The "Wizard's Bane" series of books by Rick Cook are probably what you are looking for.
They are based on the idea of a computer programmer being summoned/teleported into a world of magic and then using programming principles to become a powerful wizard.
I think it's clear in the article, but it's worth emphasizing (since it's a pretty brusque phrase) that Ken Thompson stated that it wasn't meant as a claim of superiority, it was meant in the spirit of "this will not be on the test."
I learned C from the Lion's Commentary. I bought a license from Western Electric, sending in my $150 cashiers check (more than my rent check) twice because they ignored/lost the first one. Many samizdat copies were made and my copy was actually borrowed and used in the USL v BSDI lawsuit.
I did at one point understand that. The toughest thing for me to understand was kt assembly code.
It's what we'd use `&=` for nowadays. Note that the "B" language had these sorts of operators around the opposite way for how they appeared in "C" (e.g. read https://www.bell-labs.com/usr/dmr/www/kbman.html).
Cadence makes some of the most incomprehensible pieces of niche software I've ever had the pleasure of encountering, so I got a bit of a grim chuckle to see a blog post from them about software complexity.
I last used it in 2008, but at the time it was still Motif I’m pretty sure. I’m not an IC designer though; I was one of the few people around the company who was happy writing SKILL code to do integration with our product :D.
Edit for people who haven’t used this stuff: SKILL is the scripting language baked into Cadence tools. It’s lispy, but also allows you to move function names out of the parens. So you can (frob) or frob()
I tend to comment then code, and treat my comments as almost a micro-spec explaining in plain language why the following code does what it does. I've increasingly found that if it's hard to explain clearly and precisely what a paragraph of code is doing, you probably don't understand the goal of the code itself well enough and should rethink the code.
If you can explain clearly and precisely but it's a long explanation, then do so. The longer the explanation, the more it's needed. If it's that complicated to explain the first time round, it's gonna suck when you come back to that code five years later.
I'm sure I read somewhere that the original comment was intended more along the lines of "this bit isn't going to be on the exam" rather than "this bit is too complex for your feeble brain".
But there are absolutely hard places in some code, that mere mortals should change at their peril. Most complex code has some place where it all meets, 6 or 7 constraints and issues in a few lines. Most people aren't in a place to (want to) understand all the issues, and its reasonable and fair to say "Here there be dragons".
Or like when I leave comments "# yes, this is a mess, it's not you it's the code, sorry".
The OP says:
> Interestingly, years later, Ken Thompson admitted that the reason that it was so hard to wrap your head around what is going on is that it is wrong.

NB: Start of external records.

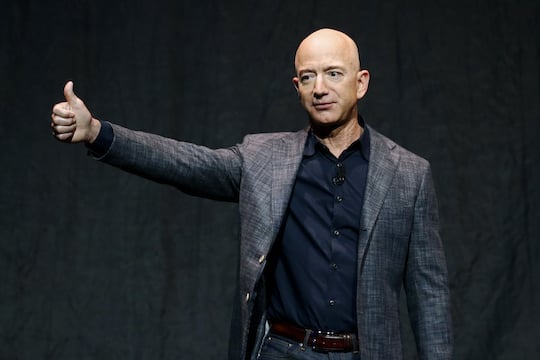 Jeff Bezos wird 60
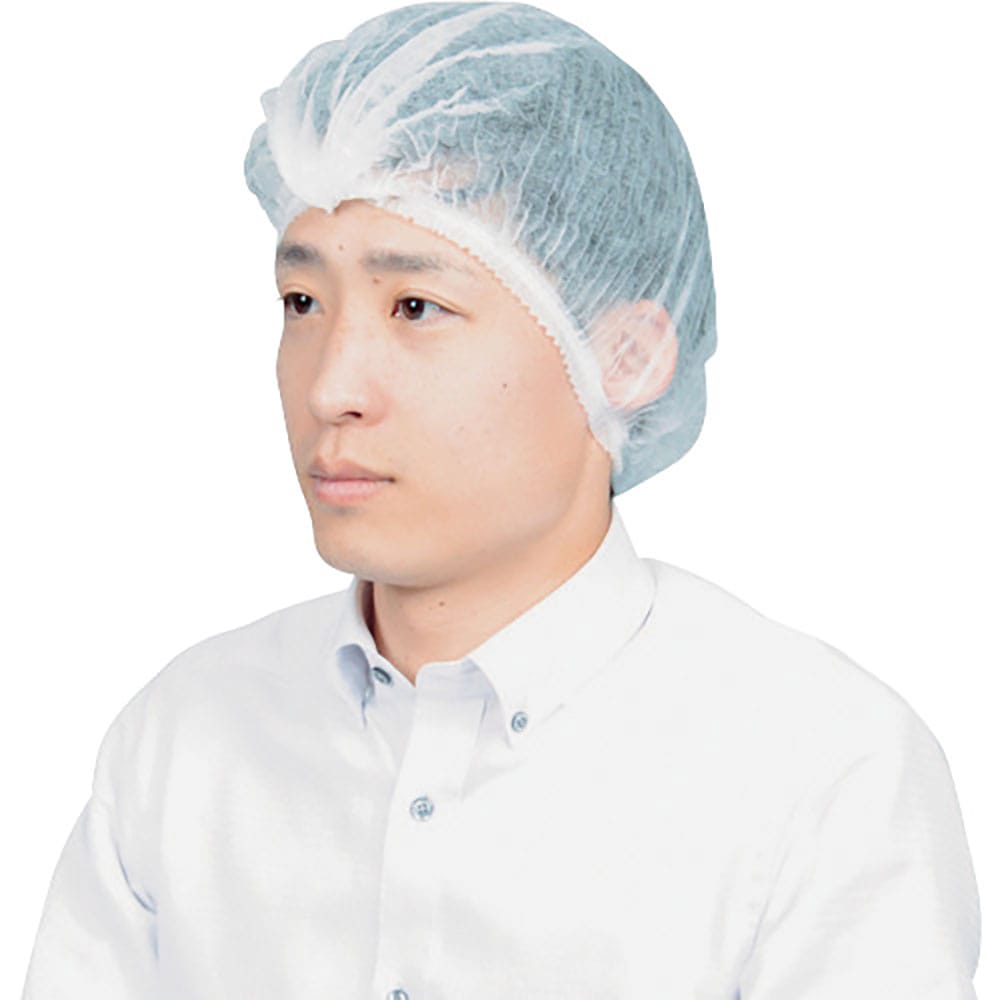 ＴＲＵＳＣＯ　まとめ買い　使い捨てキャップ　ホワイト　（５００枚入）　ＴＤＣ－４８０－１００Ｗ－５＿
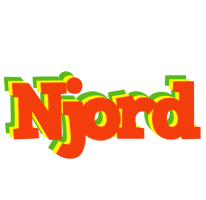 Njord bbq logo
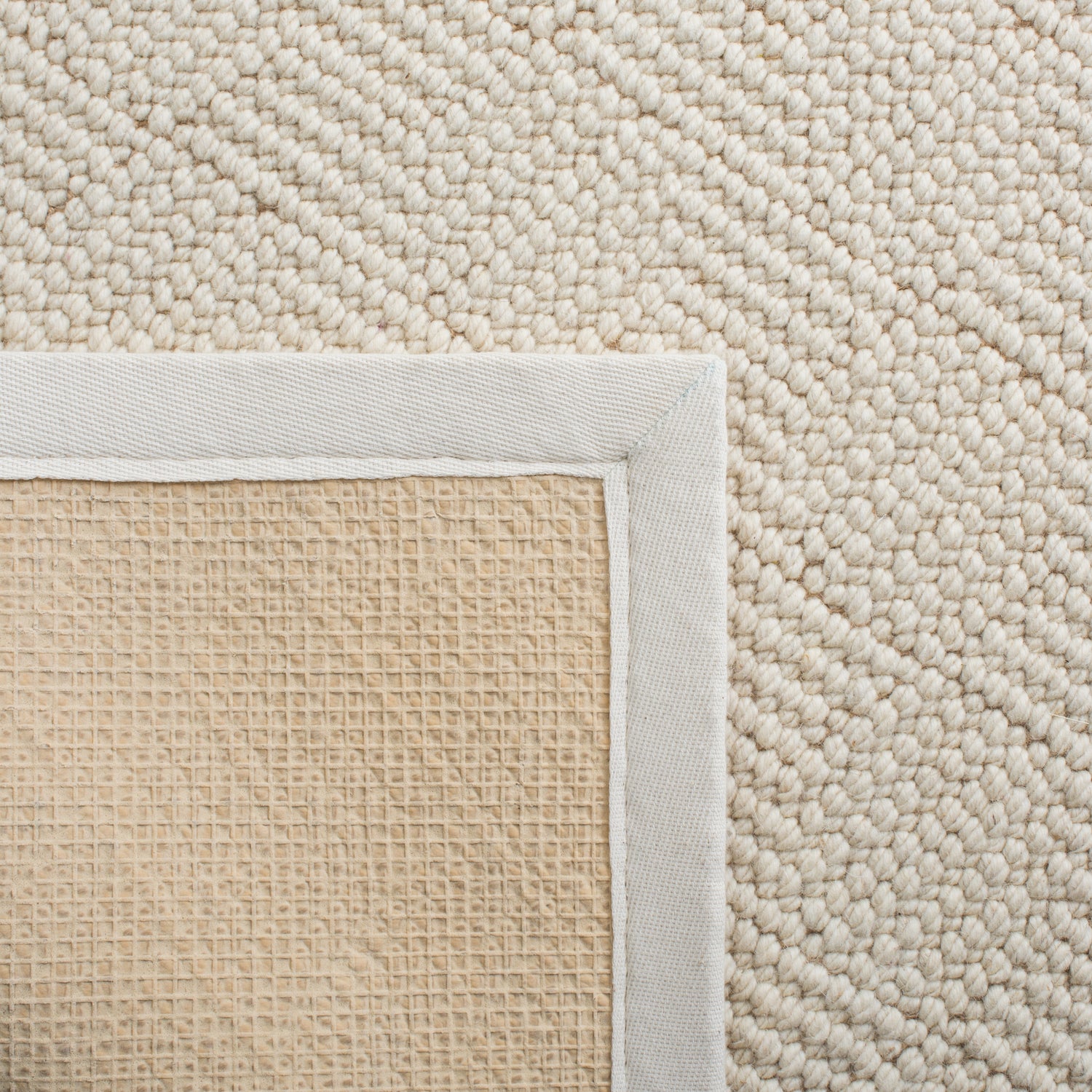 Safavieh Natural Fiber Nf487A Ivory Rugs.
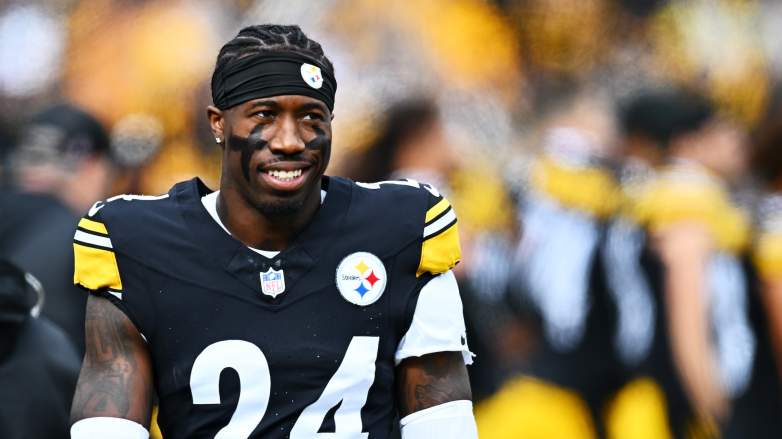 Joey Porter Jr. Asante Samuel Jr.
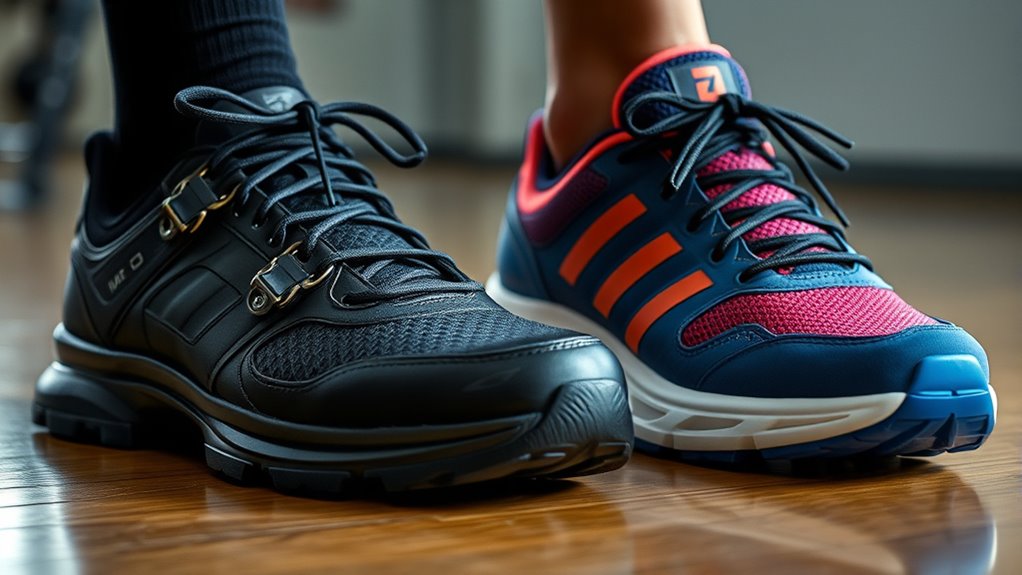 proper support and stability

The original writers actually got it wrong, it was buggy code -- or kind of accidentally not buggy due to a quirk of the particular architecture it ran on, if I get the gist of what they are explaining, I definitely don't get the details!
> Just as no English teacher is going to teach only writing, without also expecting students to read good writing (although who knows what goes on in English departments today), no programming teacher should expect to teach only writing, without expecting students to read good programming.
I get the sense not enough of this happens. i didn't do too too much of it in my formal computer science education. If you get to work on open source as a significant part of your time, you might at least spend a lot of time looking at someone's code, but it isn't always the best code. If you want to be a good writer, you read the greats (in various ways) not just the backs of cereal boxes.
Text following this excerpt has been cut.